I remember one of the first gigs I saw after moving to University. It was by a band called Perfect Pussy, in the back room of a hipster pub. They were a band who just fucking loved noise, to be honest. On record this worked like seeing the bobbing heads of melodies swimming in an ocean of scrawl, and it worked rather well at that, but live it was a form of systematic toture. The acoustics would have been better in a small tin can, and consequently the drummer’s snare was somehow louder than the vocals, as was everything else. The soundman is now working in a school for the deaf because that’s the only place he’s tolerated.

What I learnt was that although noise is good – noise is music, noise is power, noise is exciting, noise is not Coldplay – melody is also great. (Which, of course, you need to be able to hear to appreciate). And the more different the melody of the chorus is from the rest of the song, the more likely it is to be fucking great.

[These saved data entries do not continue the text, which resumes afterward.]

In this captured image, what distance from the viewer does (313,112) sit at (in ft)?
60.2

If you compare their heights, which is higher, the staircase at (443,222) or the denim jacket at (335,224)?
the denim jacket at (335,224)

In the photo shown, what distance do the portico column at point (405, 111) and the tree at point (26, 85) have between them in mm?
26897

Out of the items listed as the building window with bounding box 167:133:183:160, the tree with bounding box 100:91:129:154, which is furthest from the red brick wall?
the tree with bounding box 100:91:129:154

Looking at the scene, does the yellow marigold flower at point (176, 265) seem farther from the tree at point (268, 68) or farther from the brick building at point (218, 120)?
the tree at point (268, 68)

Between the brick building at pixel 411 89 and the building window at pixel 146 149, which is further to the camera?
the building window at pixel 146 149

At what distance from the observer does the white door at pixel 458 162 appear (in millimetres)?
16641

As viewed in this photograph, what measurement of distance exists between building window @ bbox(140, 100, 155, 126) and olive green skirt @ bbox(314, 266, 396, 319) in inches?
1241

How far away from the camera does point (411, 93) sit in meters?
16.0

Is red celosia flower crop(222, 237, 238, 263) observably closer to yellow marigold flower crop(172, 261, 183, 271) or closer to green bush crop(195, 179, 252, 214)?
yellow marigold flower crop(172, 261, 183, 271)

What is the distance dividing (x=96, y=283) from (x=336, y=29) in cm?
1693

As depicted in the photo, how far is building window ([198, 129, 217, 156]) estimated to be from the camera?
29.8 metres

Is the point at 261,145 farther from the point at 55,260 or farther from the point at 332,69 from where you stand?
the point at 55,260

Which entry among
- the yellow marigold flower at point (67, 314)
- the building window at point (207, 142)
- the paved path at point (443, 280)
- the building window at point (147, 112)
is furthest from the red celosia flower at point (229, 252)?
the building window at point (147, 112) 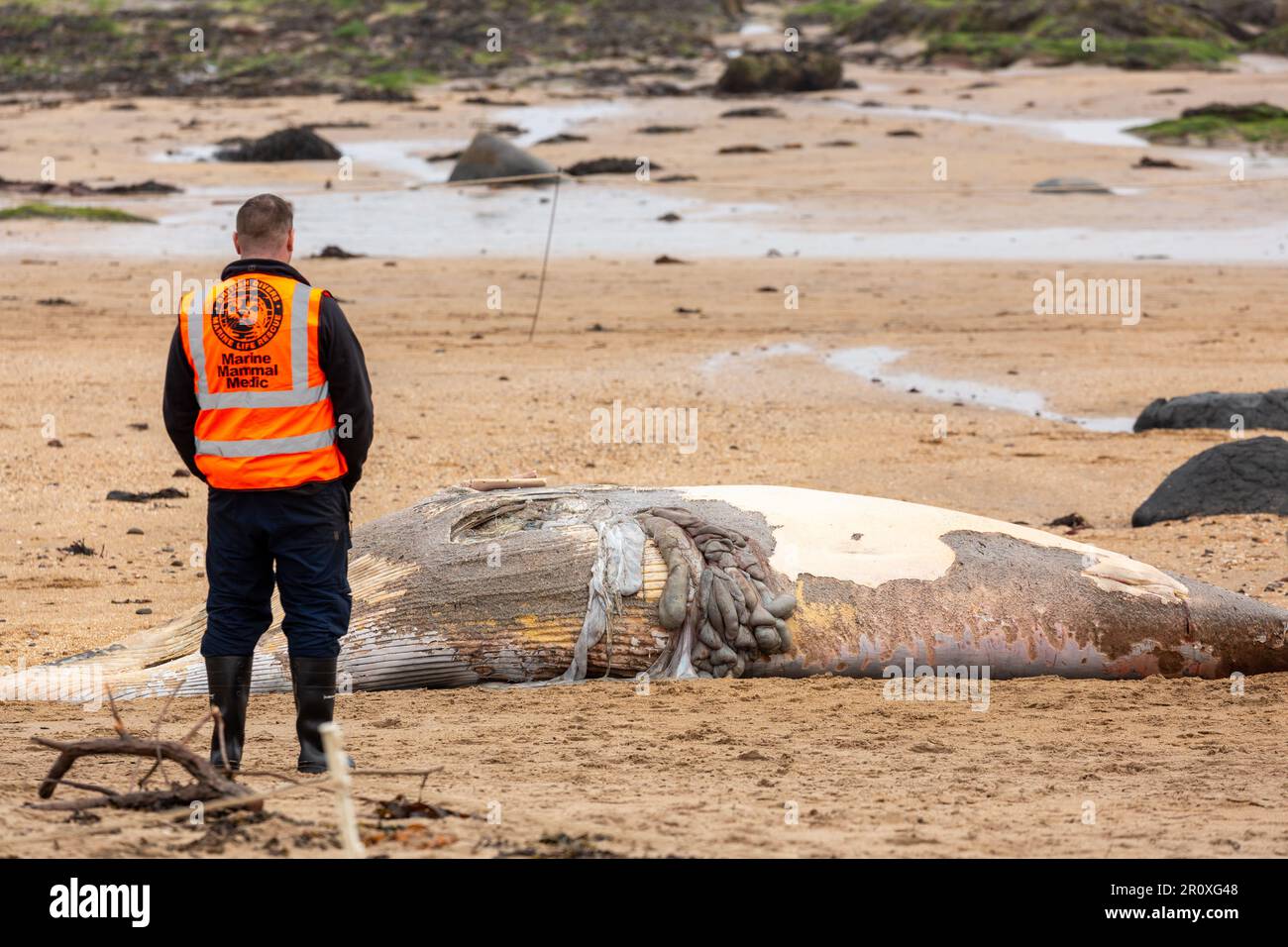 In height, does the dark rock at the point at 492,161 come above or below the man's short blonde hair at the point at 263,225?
below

That’s why noise bands – as pop bands pedalling melody like the rest – need to have contrast. There can be no loud without quiet. If there is no quiet, then it is not music but noise noise, like hydraulic drilling noise. Perhaps if someone had pointed this out to Bully then we would have a far finer album on our hands.

I say that because the band lurch between great music and bad music on their debut album, Feels Like. The good – possibly even great songs – such as Trash, Brain Freeze, Bully and, most notably Trying – bring the softer side of their music round and make it work really nicely with the louder parts. It works how the best of loud music does – the quiet parts slowly unlocking tension so that the loud parts can properly mash your brains into a stew. The contrast is key; otherwise the sound (loud loud loud) would be monotonous and exhausting.

That’s exactly what happens on pretty much every other track. Keep a song at the same tempo throughout, and the pressure’s really on to bring in some great melodies. Then, and only then, will the music work. Frankly, the melodies simply aren’t there. I Remember, Reason and Too Tough – the first three songs on the album, and three out of at least half a dozen of their sort on the album – serve as a near-complete encyclopaedia of guitar music  in the last 20 years – mid-tempo, dull dirge.

Considering the promise which Bully appeared to have following the release of Trying, it has to be said that this a pretty disappointing album, but not an awful album. There’s at least 4 or 5 good songs on there, but all in all it’s a small footnote in the continuing death of guitar music.